The walls are ruined
Pieces of stone fallen
From parapets; cracked concrete,
Rope burns on marble columns, statues
Broken and tipped, the temples stripped,
The altars overgrown with vines,
The heights nested by birds,
(These, at least, were signs of hope,
Before there was no one left to hope)
The aqueducts collapsed, water flows no more.
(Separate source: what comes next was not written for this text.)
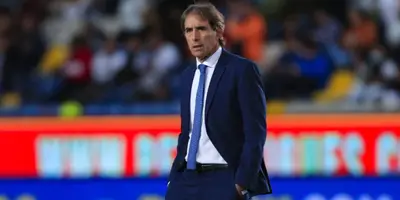 Almada en partido con Tuzos. Foto: TV Azteca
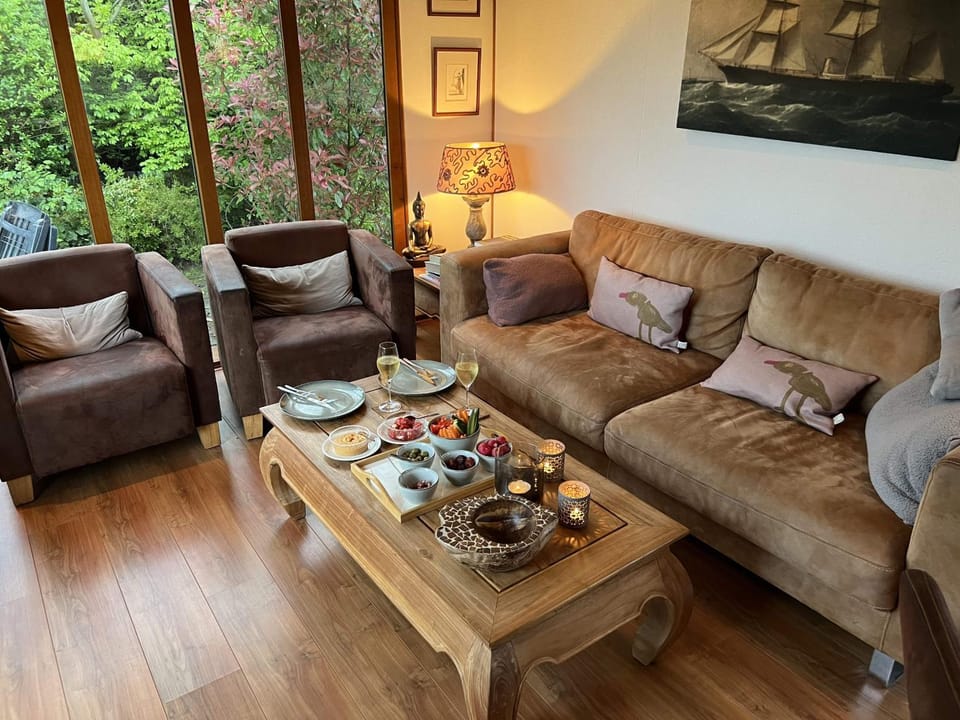 Communal lounge/ TV room, Living room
The stones of the streets torn,
And put to other uses, now useless –
Crumbling hearths of primitive huts,
Defensive walls of family compounds,
An old stone oven,
all gone…


No one imagines even the ghosts
Of the great dead
The generals and emperors
The self-righteous priests and politicians,
the captains of industry,
the self-proclaimed masters of the universe;
Or the small Joe and Josephine
Rotting in their shallow graves,
The little company men with their hobbies,
The giggling children, the starving mothers,
The dirt farmer covered with dust,
The soldiers who kicked the dead peasants into trenches….
The peasants themselves,
Those no one ever wanted to remember.
No one now imagines the great or the small,
Because ants and beetles have no imagination
For the dead of that exalted species.


Once long ago
The barbarian hordes were blamed,
The weather was blamed,
Volcanoes, earthquakes, flood and fire
All took their blame, among those
Who were left to place blame.
“The gods are to blame,” said some,
Those who took their pick among the gods,
While others took their pick
Among the people who picked the wrong gods.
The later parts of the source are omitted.